Example outputs
These examples illustrate the kinds of results AGNI can produce. You can find Jupyter notebooks which reproduce these results in the tutorials directory of the repository.
Pure steam runaway greenhouse effect
By assuming the atmosphere temperature profile follows a dry adiabat and the water vapour-condensate coexistence curve defined by the Clausius-Clapeyron relation, we see a characteristic relationship between the outgoing longwave radiation (OLR) and the surface temperature ($T_s$). Initially OLR increases with $T_s$, but as the condensing layer (which is independent of $T_s$) overlaps with the photosphere, OLR and $T_s$ decouple. Eventually the atmosphere reaches a dry post-runaway state, and OLR increases rapidly with $T_s$.
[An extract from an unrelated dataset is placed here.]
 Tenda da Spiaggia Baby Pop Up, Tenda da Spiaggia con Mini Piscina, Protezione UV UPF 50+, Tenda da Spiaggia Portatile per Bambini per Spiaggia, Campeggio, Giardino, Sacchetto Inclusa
Prescribed convective case
In this case, a temperature profile is prescribed to follow a dry adiabat from the surface to a moist region, and then a pseudoadiabat to the top of the atmosphere. This is in line with previous works and the OLR curve above.
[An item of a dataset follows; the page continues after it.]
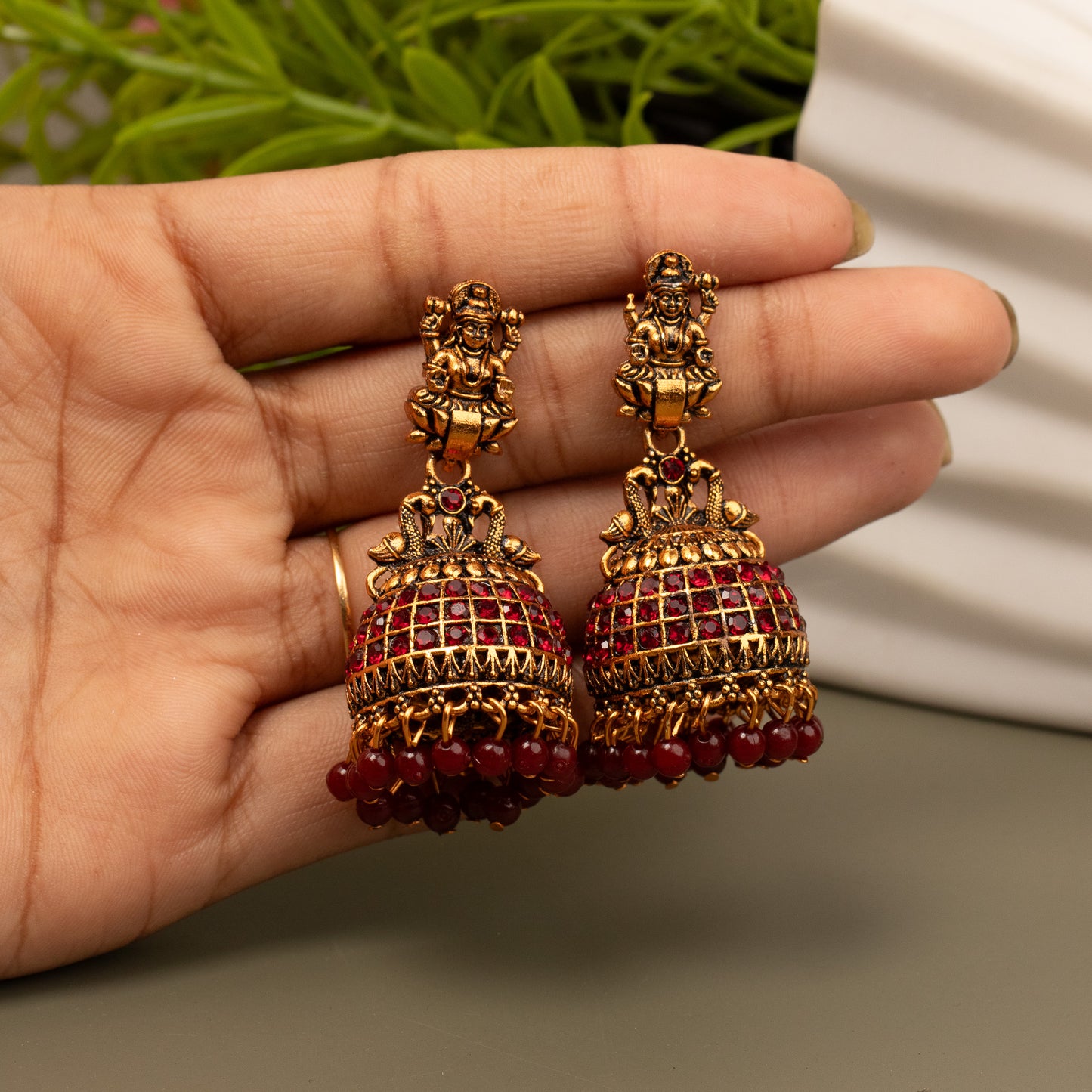 Oxidized Golden Temple Lakshmi Earrings E1064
Radiative fluxes are then calculated according to this temperature profile. Because the profile is prescribed, the fluxes are not balanced locally or globally across the column.
Radiative-convective solution
Instead, we can model an atmosphere such that energy is globally and locally conserved. Convection is parameterised using mixing length theory in this case, allowing the system to be solved using a Newton-Raphson method. In the convective region at ~0.1 bar, we can see that the radiative fluxes and convective fluxes entirely cancel, because AGNI was asked to solve for a case with zero total flux transport.
We can also plot the outgoing emission spectrum and normalised longwave contribution function (CF). The spectrum clearly demonstrates complex water absorption features, and exceeds blackbody emission at shorter wavelengths due to Rayleigh scattering. The CF quantifies how much each pressure level contributes to the outgoing emission spectrum at a given wavelength – this is then plotted versus wavelength and pressure.
Aerosol radiative properties
AGNI incorporates the radiative effects of aerosols and clouds in the atmosphere. The model supports arbitrary aerosol types, based on Mie theory. Pre-computed aerosol types include soot, ash, sulfate, and nitrate particles.
In the example below, an atmosphere is configured with three aerosol species at different concentrations. The configuration file is located at res/config/physics/aerosols.toml
The plot below shows the enforced mixing ratio profiles of the aerosols. Water is plotted with a dotted line because its ratiative effects are disabled in this example. 
Aerosols modify both shortwave and longwave radiative transfer. The flux profiles below show how aerosols alter the vertical distribution of radiative heating and cooling. Importantly, the shortwave stellar radiation is largely reflected and attenuated at low pressures.
The emission spectrum highlights the fingerprint of the aerosols. The plot shows a distinct shortwave contribution (blue line) due to back-scattering from the aerosols specifically, with some identifiable features.